SEA ISLE CITY, N.J. (CBS) — A historic church at the Jersey Shore is facing the wrecking ball despite efforts by thousands of parishioners who want it saved. Churchgoers at a Sea Isle City parish are doing battle with church officials in an effort to keep their century-old church building open.
“We were married here. Our children were baptized here,” Tom Henry said.
For more than 75 years, Henry has attended and served St. Joseph’s Catholic Church parish in Sea Isle. Next to the current sanctuary that was built in 2011 is the original 135-year-old church building, which is now in danger of being torn down.
This week, the Diocese of Camden issued what’s called a decree of relegation, meaning the site is no longer considered sacred and can be demolished.
Among their reasons, “St. Joseph parish does not use nor need to use the former church for divine worship because the facility of the newer St. Joesph church, located on the same campus, is adequate and accessible to all parishioners.”
“They lied to us outright that this church would stay if we paid for the new church,” Henry said. “Well, we’re paying for the new church.
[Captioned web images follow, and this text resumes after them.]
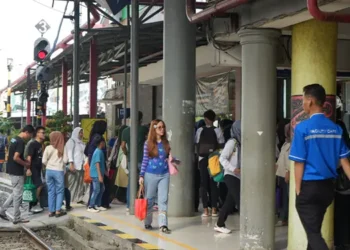 Foto: KA Sribilah Utama dan Siantar Ekspres Mengalami Lonjakan Penumpang saat Long Week End Waisak 5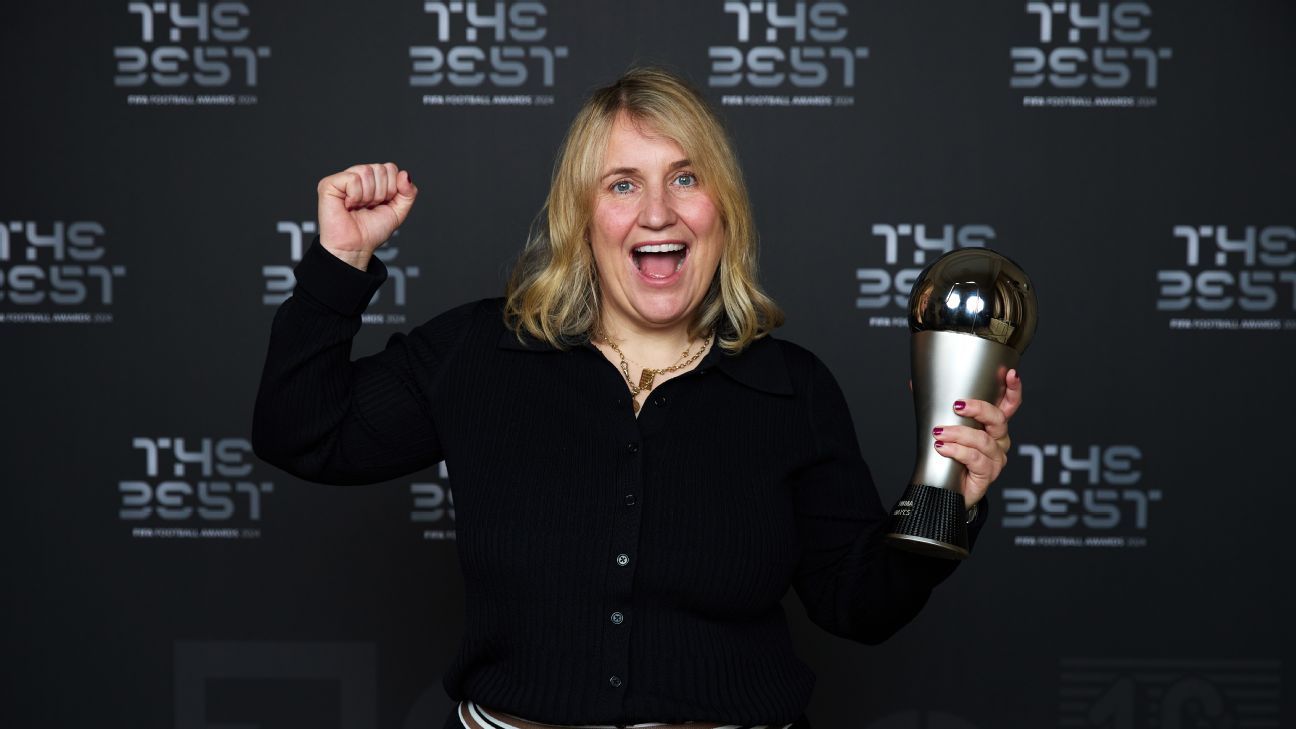 国际足联最佳奖：埃玛·海耶斯荣膺年度最佳教练，完美收官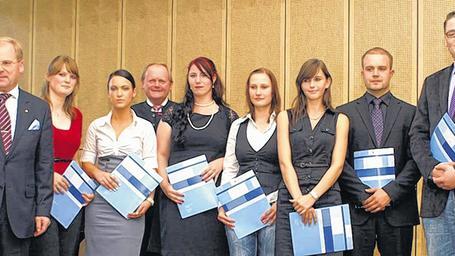 Die Besten ihres Jahrgangs: Bestatter-Präsident Claus-Dieter Wulf (links) und Handwerkskammerpräsident Hugo Neugebauer (Vierter von links) ehrten (von links) Sandra Stief, Maria Maylan (beide Sachsen), Anja Haase (Oberpfalz), Marina Vetterlein (Mittelfranken), Christian Allweiler (Baden-Württemberg), Niclas van Baars (Nordrhein-Westfalen).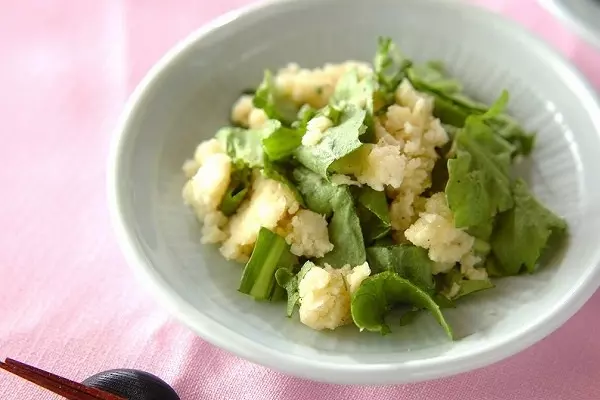 春菊入りポテトサラダ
Now, they come back and say all bets are off.”
A church divided- nearly 2,500 people sign petition to save St Joseph’s Historic Catholic Church building in Sea Isle City as their priest and diocese seek to tear it down. pic.twitter.com/baqbkaUX7i
— Cleve Bryan CBS3 (@CleveBryan) February 14, 2020
It’s not just a handful of people holding onto the past.
An online petition to save the historic church has nearly 2,500 signatures and parishioners raised considerable funds to do restorations.
“We all raised $2.5 million on the condition that this historic church would stay,” parishioner Mike McHale said.
Painters, plumbers and carpenters have all pledged to do repairs for free, but the priest and diocese would rather demolish the old building in favor of another new facility.
Parishioners say the rift is unhealthy for the congregation.
“There’s a lot of people that aren’t coming to this church anymore,” McHale said.
“We have a lot of people willing to give, but they don’t trust the church anymore,” Henry said, “and that’s a fundamental issue here.”
The priest was not available for comment on Friday.
Parishioners say they’ll take the fight to the Vatican if they have to.